Experts say that many of the new policies by the PUC and the state legislature seem to be putting the Golden State on track for more blackouts.
Although California's electricity crisis reached its worst point two years ago, utilities, consumers, and other market participants continue to fear a recurrence of the supply shortages and price spikes that added $40 billion to the cost of electricity over a horrific 13-month period.
Despite a host of emergency measures implemented in response to the crisis, no one believes that the underlying problems of energy infrastructure or faulty market designs have been completely corrected. Particularly, many Californians are concerned that regulators:
- Have failed to attract enough generation to meet demand (witness many cancelled merchant projects);
- Have not created conditions conducive for energy efficiency; and
- Have established draconian liability schemes in the procurement process;
For example, regulatory policies about customer choice have largely been punitive since the crisis, with an emphasis on making certain that few customers can escape some liability for the costs of power procurement, says California Manufacturers and Technology Association's (CMTA) Vice President of Government Relations Dorothy Rothrock.

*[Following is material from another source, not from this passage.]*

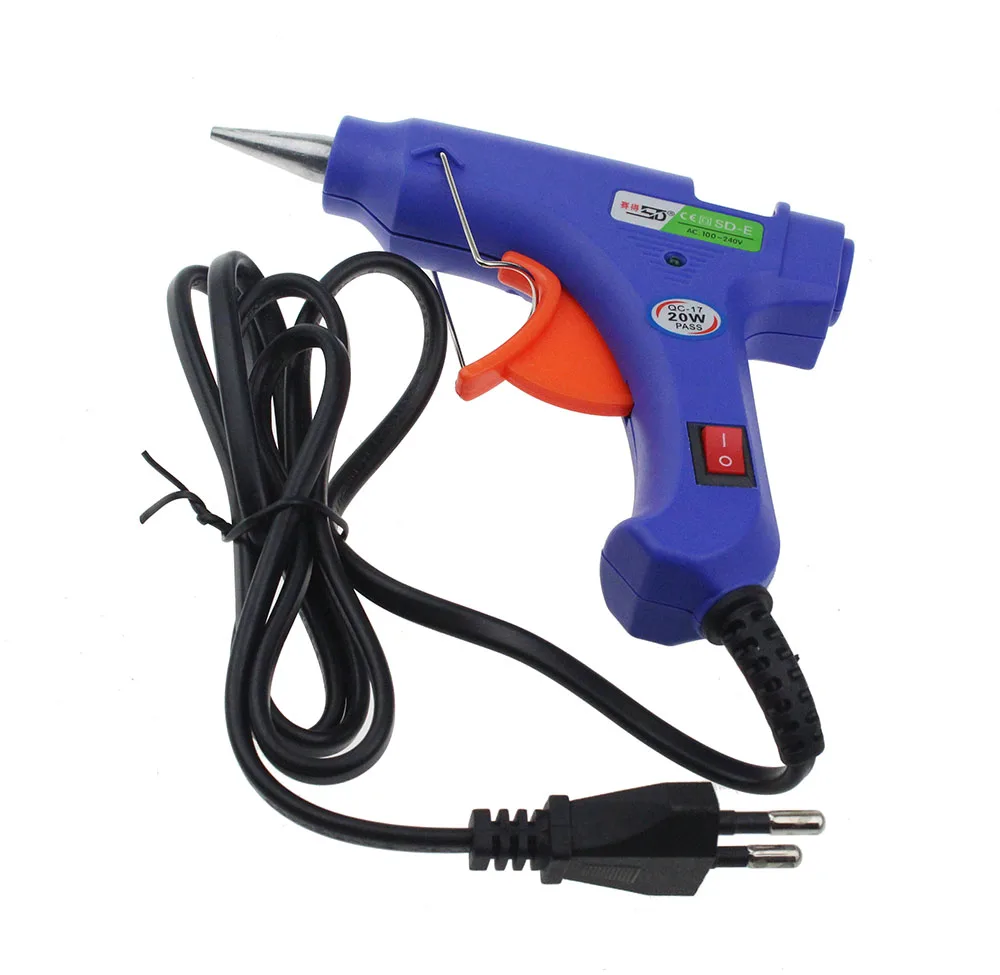 Высокая Температура Нагревателя Расплава Горячее Оружие Клея 20 Вт Repair Tool Heat Gun Blue Мини клеевой Пистолет С Триггера США/ЕС plug 100-220 В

Southern California (SoCal) Edison was able to win a 2 cents/kWh "historic procurement charge" (HPC) as part of its financial rescue plan to cover losses from the summer of 2000. Then, in December 2002, the California Public Utilities Commission (CPUC) implemented a statewide "cost-responsibility surcharge" (CRS) of 2.7 cents/kWh to raise about $500 million per year from direct-access customers and pay for the power that state Department of Water Resources purchased. The surcharge is non-bypassable, meaning that customers must pay it no matter where they obtain their energy commodity.
With a new assessment of the costs of paying off the DWR bonds, that CRS figure may rise to as much as 4 cents/kWh this summer, Rothrock said, eroding the cost savings that companies are seeing from market-based power options. She called it a "time-delayed impact" of the power crisis.
How the CPUC deals with such liabilities will provide a signpost for future regulatory directions about the marketplace.
One recent issue on the CPUC's agenda offered an illustration of the various factions at play. There were three alternate versions of a policy for imposing a departing-load charge (a.k.a. exit fee) for customers who install on-site cogeneration equipment. Any existing bypass units as of Jan. 17, 2001, will be exempt from the charge, which has not yet been calculated. That will await a later ruling. What was on the table for consideration were the various components of the prospective fee, particularly the responsibility for covering a portion of the DWR bond charges going forward and Edison's HPC, plus several possible exemptions from the charge.
Under an administrative law judge's draft decision, departing load would have been responsible for both the DWR costs and the HPC, but exemptions were carved out for up to 125 MW of new bypass in PG&E and Edison territories and 34 MW in San Diego Gas & Electric's region.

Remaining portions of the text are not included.